**Your goal**
Pictures do not belong in the copy. Output exactly the lines from the one containing "390 PR 5200, Ratcliff, TX 75858" to the end of the listing below.

**Given data**
BEGIN

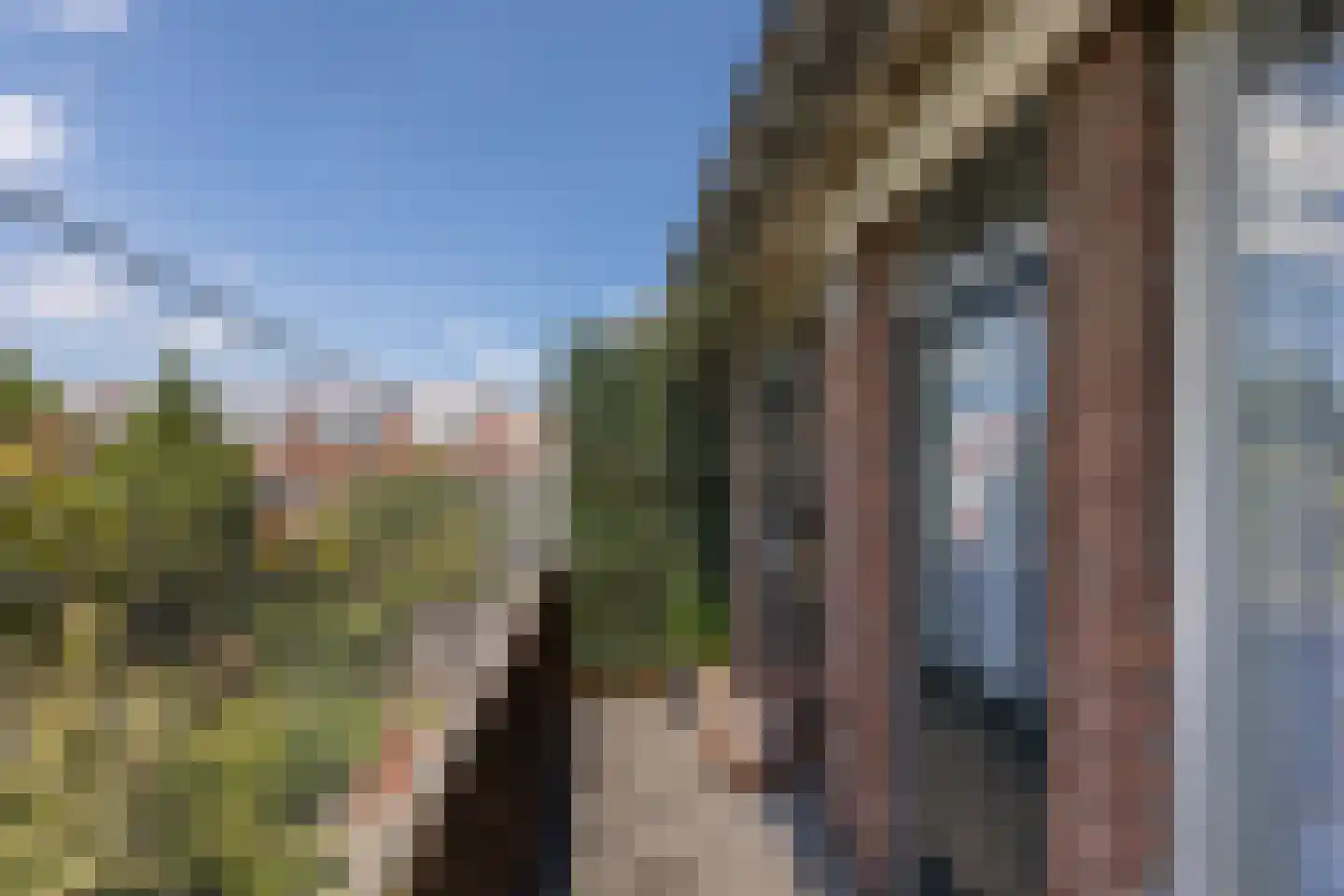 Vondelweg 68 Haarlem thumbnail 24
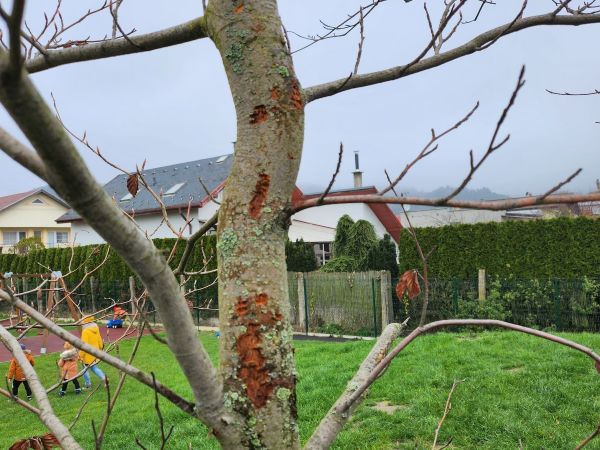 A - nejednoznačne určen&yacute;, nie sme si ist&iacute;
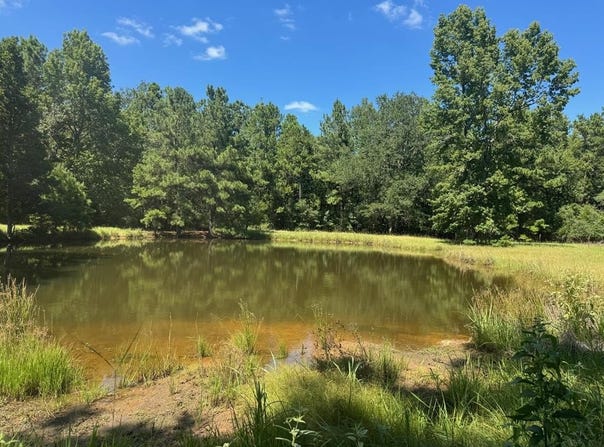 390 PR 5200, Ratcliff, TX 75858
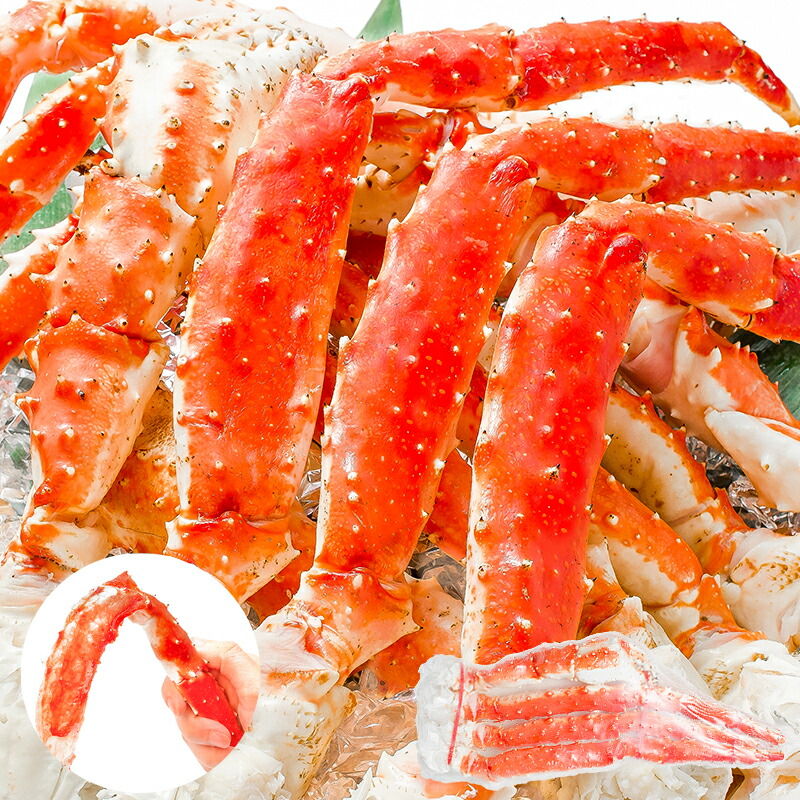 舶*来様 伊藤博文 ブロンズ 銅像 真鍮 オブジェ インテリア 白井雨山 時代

END

**Exercise result**
 390 PR 5200, Ratcliff, TX 75858
 舶*来様 伊藤博文 ブロンズ 銅像 真鍮 オブジェ インテリア 白井雨山 時代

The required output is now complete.